We can easily demonstrate a memory leak when repeatedly calling
nbd_aio_pread from nbdsh in the wrong state. True, that isn't
something a sane client would normally do, but it's worth fixing.
The culprit: when nbd_aio_pread returns a cookie, we guarantee to
clean up the closure, but if we fail early and never scheduled the
command, nothing ever cleans up the closure. We could document this
as intentional, and force the user to always clean up their closure on
failure. However, this is not nice, for two reasons. First, a
documentation change to codify existing practice would put more burden
on clients - every client that calls a C API with closures is now on
the hook to add boilerplate to avoid a memory leak; and the fact that
we can easily demonstrate the memory leak in nbdsh means this solution
does not scale. Second, consider nbd_pread_structured: that call
takes a chunk closure parameter, and can fail for multiple reasons,
either because it was called in the wrong state (in which case we were
not freeing the closure) or because it succeeded at getting a server
reponse where the server failed (in which case the closure is freed by
virtue of getting the server response). As the caller can't
distinguish which, telling them to free on failure could result in
double-frees.
So the best plan of attack is to document that ALL functions that take
a closure argument promise to eventually free the closure, even if the
API fails, and to declare our memory leak as a bug to be fixed in
libnbd proper. To do that, the generator will now blindly free
anything that has not been cleared by the unlocked_* helper, which in
turn are now careful to clear any callback once it has successfully
been copied into somewhere that will guarantee subsequent cleanup
(whether as part of the state machine, or by the fact that
nbd_internal_command_common now cleans up on all error paths).
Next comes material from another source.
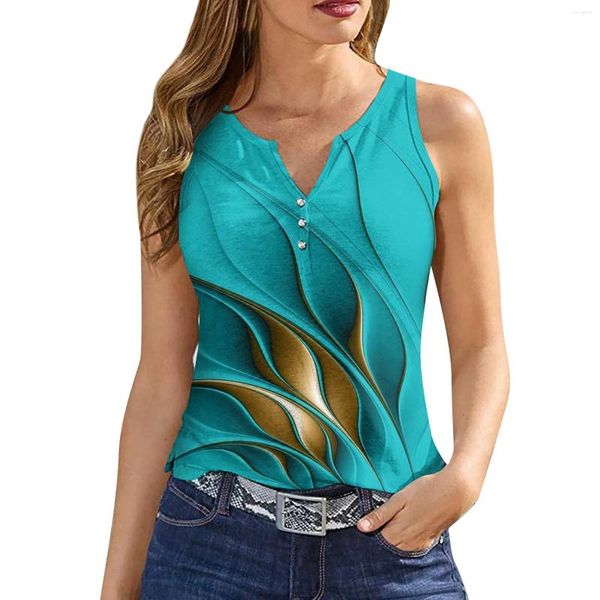 Tank da donna Womans Top Top a V Neck Basic Casual Stampa casual Flowy Summer Sleeveless Side Tops taglio per donna Mujer Elegante Flower Regata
Yes, our change means that any client that WAS checking for nbd_aio_*
returning -1 for cookies and manually cleaning up is now performing a
double free, but as argued above, such clients are unlikely because of
the extra boilerplate it would entail, and because of the fact that
most clients are sane enough to not trigger error paths that can fail
client-side without queueing up a trip to the server (for example, no
one intentionally writes a client that calls nbd_aio_pread before
nbd_connect_*, except as part of our testsuite in errors.c), to have
noticed the problem under valgrind before now.
---
docs/libnbd.pod | 2 +-
generator/C.ml | 13 ++++++++
lib/debug.c | 1 +
lib/opt.c | 5 ++++
lib/rw.c | 33 ++++++++++++++++----
tests/closure-lifetimes.c | 63 ++++++++++++++++++++++++++++++++++++++-
tests/newstyle-limited.c | 18 ++++++++++-
7 files changed, 127 insertions(+), 8 deletions(-)
diff --git a/docs/libnbd.pod b/docs/libnbd.pod
index 2c3742c..f2ba3bb 100644
--- a/docs/libnbd.pod
+++ b/docs/libnbd.pod
@@ -773,7 +773,7 @@ because you can use closures to achieve the same effect.
You can associate an optional free function with callbacks. Libnbd
will call this function when the callback will not be called again by
-libnbd.
+libnbd, including in the case where the API fails.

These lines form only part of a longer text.